US: Woman Charged with Defrauding FEMA of $156M
The U.S. Department of Justice (DOJ) indicted Monday a woman for allegedly defrauding the Federal Emergency Management Agency (FEMA) of US$156 million by falsely claiming to have provided 30 million meals to Puerto Rico in the aftermath of Hurricane Maria in 2017.
Tiffany Brown, 43, of Atlanta, Georgia, allegedly accepted a contract to deliver humanitarian aid to Hurricane Maria’s victims in the form 30 million self-heating meals. However, she allegedly billed the disaster relief agency with falsified documentation after failing to fulfill her end of the agreement.
In September 2017, Hurricane Maria, then classified as a Category 4 hurricane, made landfall and struck the island of Puerto Rico.
A Category 4 storm carries winds as strong as 156 mph and can cause catastrophic damage to even the sturdiest of homes and critical infrastructure sites. By the time the dust had settled, the hurricane over Puerto Rico had progressed to a Category 5—the most dangerous classification—which all but guaranteed the storm would leave nothing but total destruction in its wake.
It became known as the worst natural disaster in the island’s history, leaving thousands dead and inflicting more than $90 billion in damages to the affected areas.
Shortly after the storm hit, FEMA solicited vendors to provide 40 million self-heating meals to the island’s inhabitants so that they could eat without needing electricity or water to prepare them.

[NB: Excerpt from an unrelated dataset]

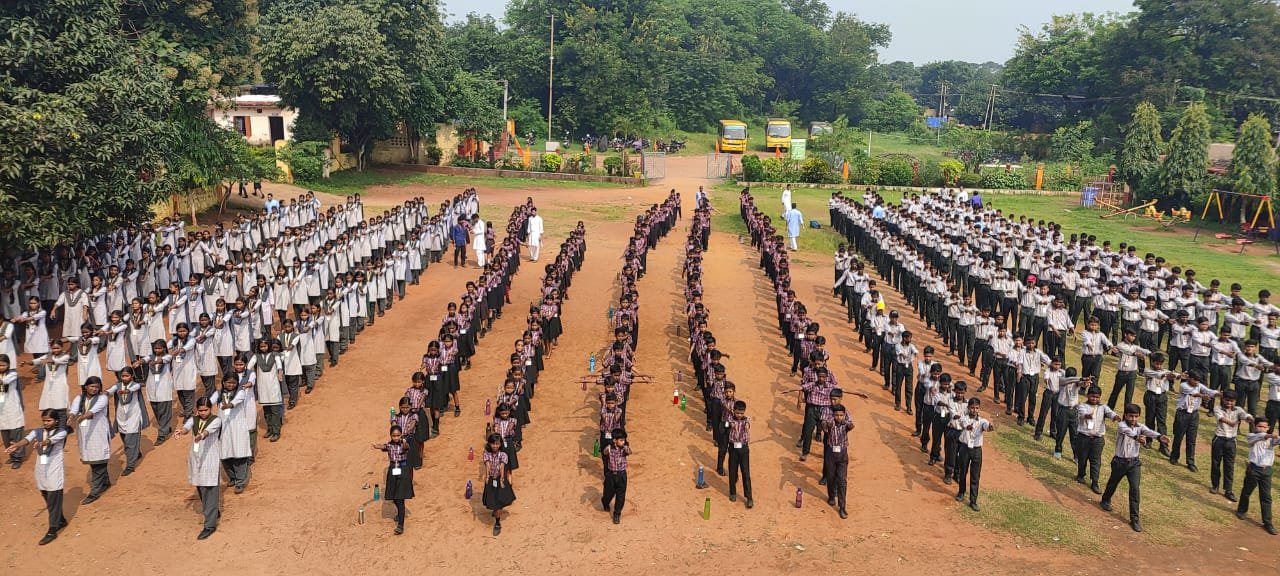 स्वतंत्रता दिवस कार्यक्रम की तैयारियों में जुटे भैया-बहन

Brown and her company, Tribute Contracting LLC, proposed to FEMA that they could put together the necessary resources to deliver a quarter of the emergency response meals. This would be accomplished, she said, by utilizing enough staff to man 210 trucks that could meet the people’s needs day and night as the storm raged on, according to the DOJ.
Although she lacked the logistics needed to accomplish this, she soon after doubled down and allegedly made false claims that her core suppliers could now guarantee the delivery of a million self-heating meals a day for 30 days starting Oct. 7, 2017.
In reality, however, Brown had neither obtained the meals nor coordinated with any shipping companies to deliver them. Nonetheless, on Oct. 3, FEMA awarded Brown and her company the contract, worth $155,982,000.
“Fraudsters looking to profit off of individuals who are already suffering from the impact of a natural disaster is an appalling and inexcusable crime,” said Keri Farley, Special Agent in Charge of FBI Atlanta.
Despite the fact that the self-heating meals were not delivered to Puerto Rico, whose people were in desperate need of humanitarian aid, Brown submitted invoices to the disaster relief agency to request payment for the services she had failed to render.
These bills of lading—documents issued to acknowledge receipt of cargo for shipment—concerned the delivery of 50,000 meals that were not self-heating and therefore useless to the island’s inhabitants who lacked water and electricity.
Brown ultimately failed to deliver a single self-heating meal, as set out in the FEMA contract, according to the DOJ.
Even after the contract was terminated on Oct. 19, she continued to submit invoices requesting payment for services that were never rendered. She now stands accused of multiple counts of major disaster fraud, theft of government funds, and money laundering.
“It is unconscionable that Brown would exploit the disaster that Hurricane Maria wrought on Puerto Rico,” said U.S. Attorney Ryan K. Buchanan, who also noted that blame for the debacle lay equally with the federal government for not living up to its responsibilities during such an unprecedented disaster.
Both FEMA and the DOJ declined to comment when asked what verification measures the government had taken to ensure that Brown and her company in fact possessed the logistics necessary to fulfill such a vital contract before rewarding it to them.